Venus is also within the constellation of Virgo and rises three and a half hours before the sun early in the month. It blazes pure white in the sky, you simply cannot miss it. Larger binoculars, say 20x80, will show Venus actually has a face like our moon appears to have.

Mars is located in the evening southern sky. Mars glows like a hot coal in the black velvet of space. Only the largest telescopes will now show surface details.

Jupiter and Saturn are both located in Sagittarius and are drawing very close together in the evening sky. They are heading towards a conjunction on December 21 when the two planets will appear visually (not physically) close together. This will be the closest conjunction since 1623 and it is a conjunction of this type that is believed to have been responsible for The Star Of Bethlehem.

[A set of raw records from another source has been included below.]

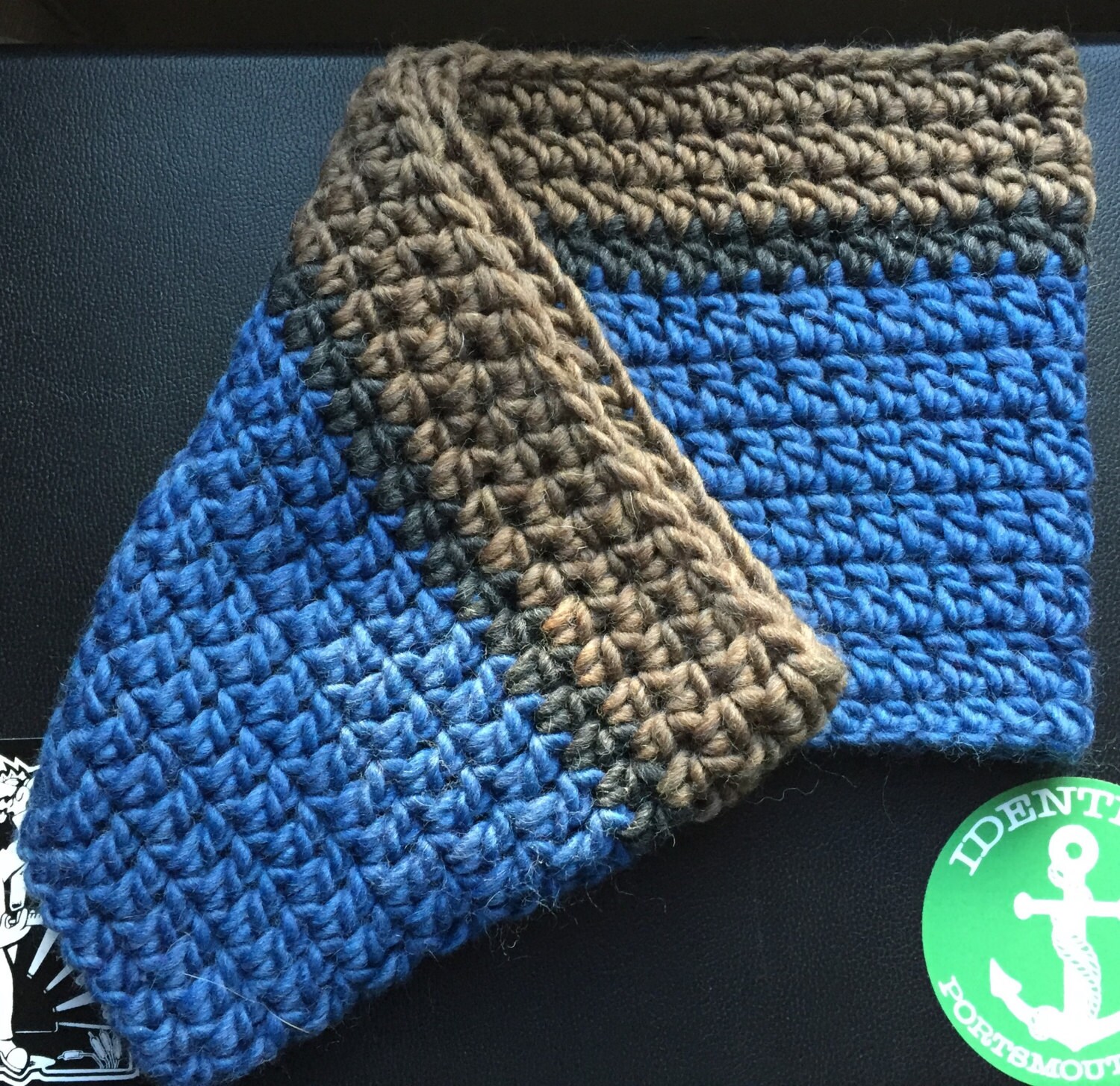 Erdstein & Wasserkutel Erdstein & Wasserkutel von OneLittleOwlCrochet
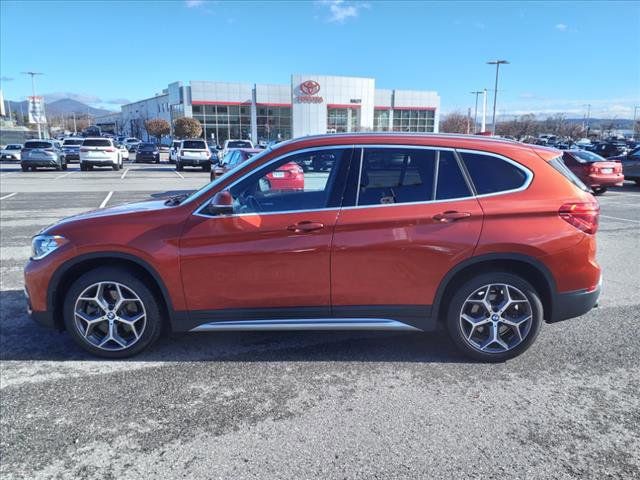 2019 BMW X1 sDrive28i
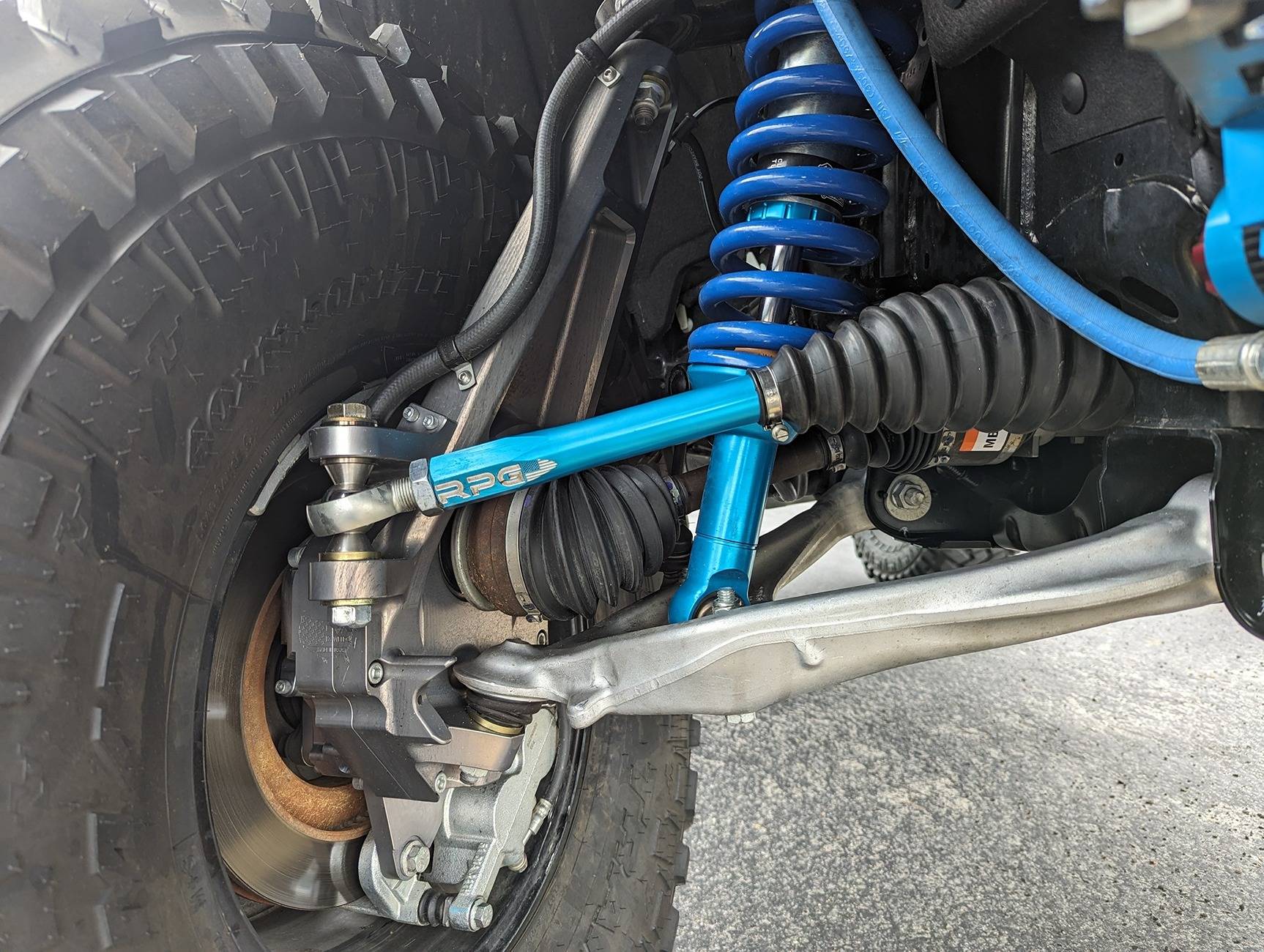 Ford Bronco Two Door Tuesday Lets See Them Two Doors RPG Tie Rods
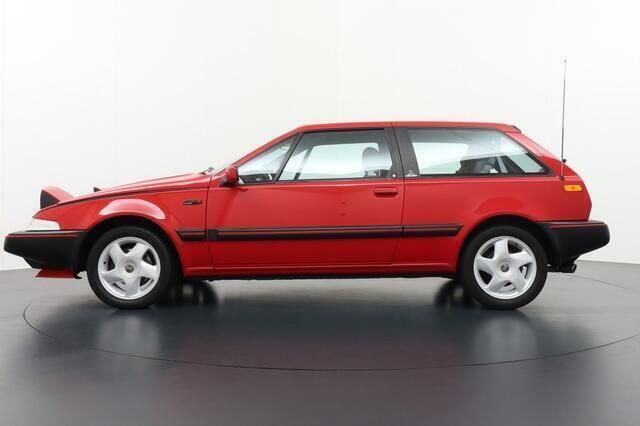 Occasion Volvo 480 102 PK (75 kW) 1991 Rood Coupé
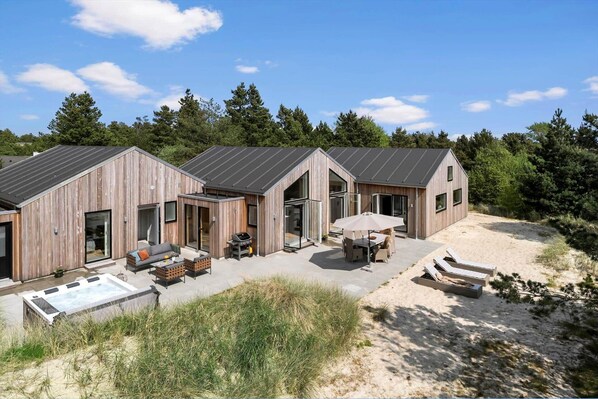 Terrasse/gårdhave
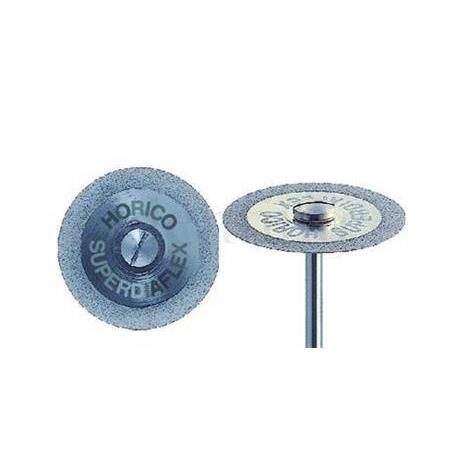 DISCO DIAMANTADO SUPERDIAFLEX F PARA PLASTICOS Y CERAMICA  2 CARAS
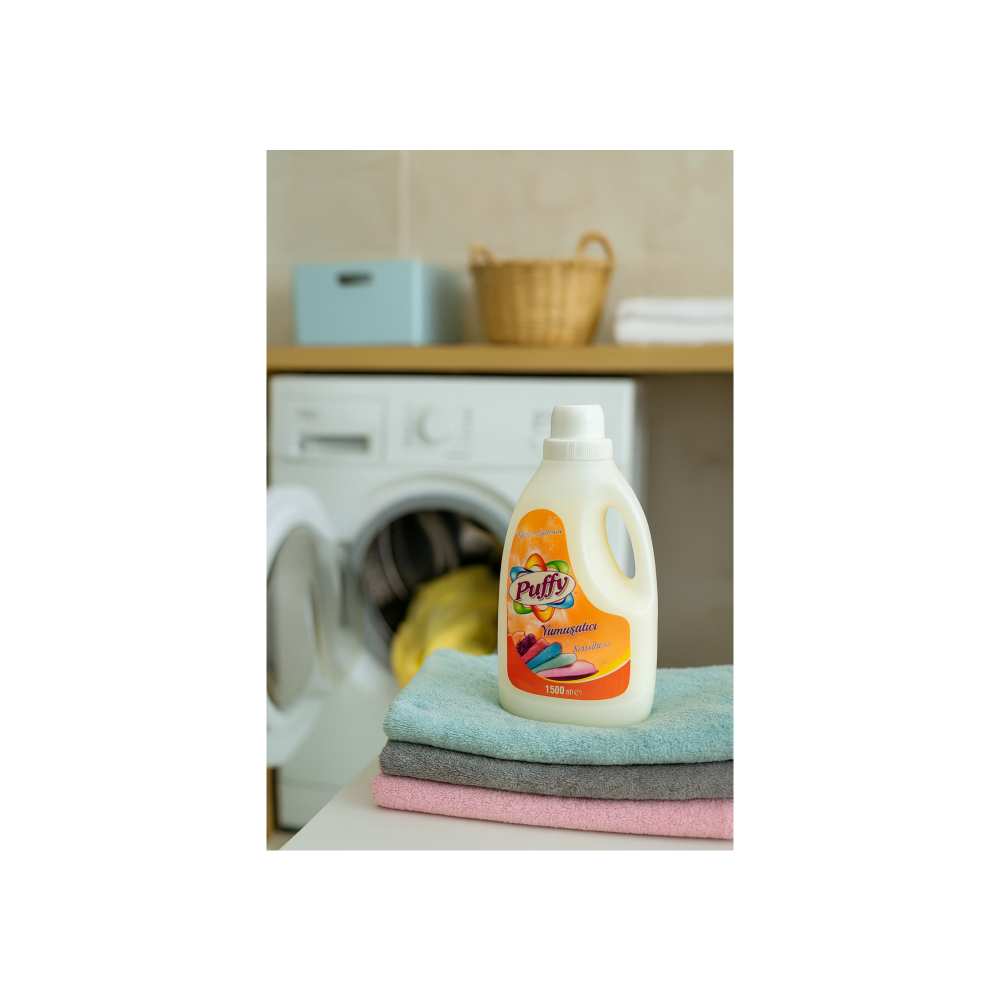 Suavizante para ropa sensitive Puffy (1500 ml) - Miniatura 4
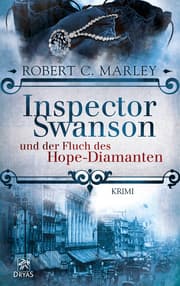 Cover von Inspector Swanson und der Fluch des Hope-Diamanten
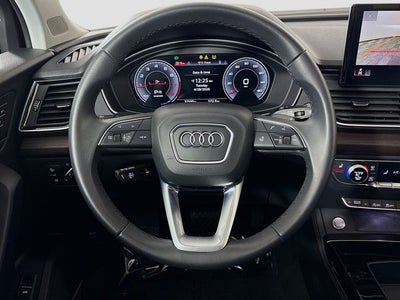 2023 Audi Q5 45 S line Premium quattro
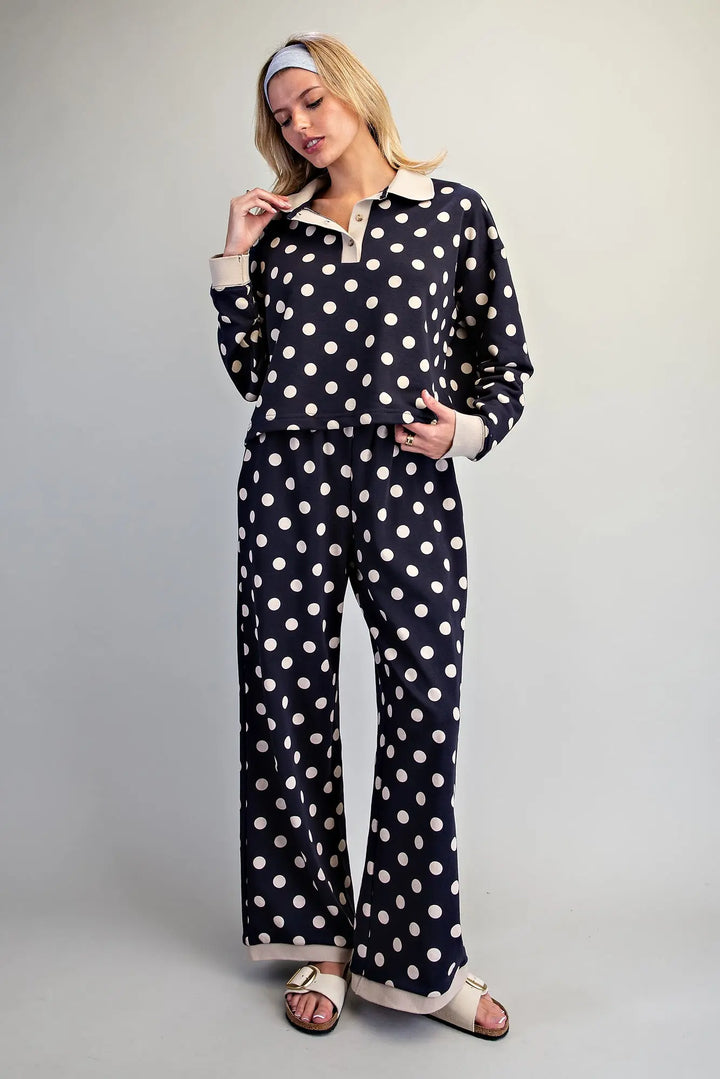 Seeing Spots Polo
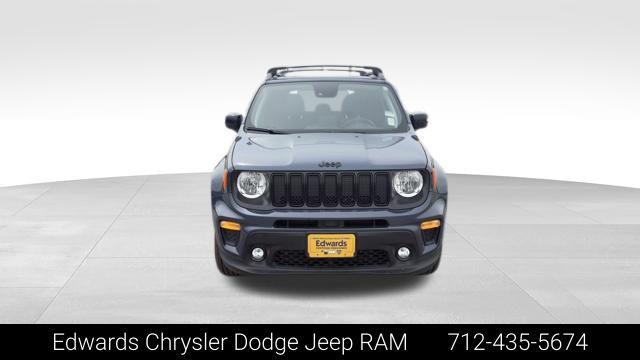 2023 Jeep Renegade Altitude 4x4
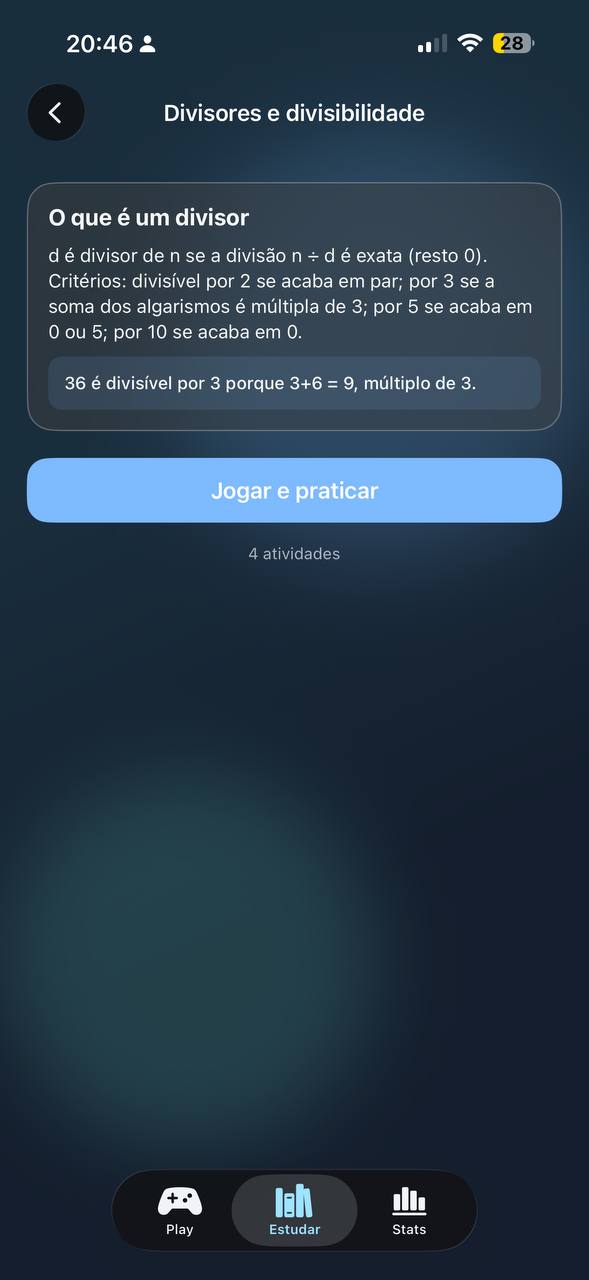 Learn Card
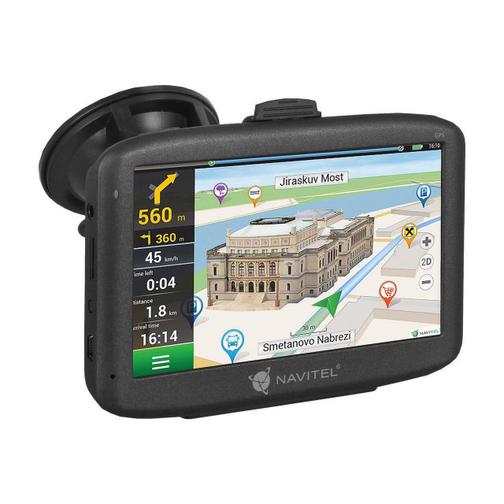 Автомобильный GPS-навигатор Navitel E500 42301370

Uranus is located in Aries. Uranus is high up in the southern sky and is technically visible as a greenish-disc to the naked eye, but in reality a pair of binoculars will be needed to confirm your observation. The planet was discovered in 1781 and is the fourth largest planet in the solar system and lies some 3 billion miles from the sun.

Neptune Finally we come to Neptune. Discovered in 1846, this planet lies 4 billion miles from the sun and is the third largest planet of our system.

A pair of binoculars will be needed to view this planet and it will reveal itself as a blue coloured disc.

It is located in the southern sky in the constellation of Aquarius and best viewed from 8.50pm onwards, the moon passes close by on November 22 and will aid as a sign post to the planet.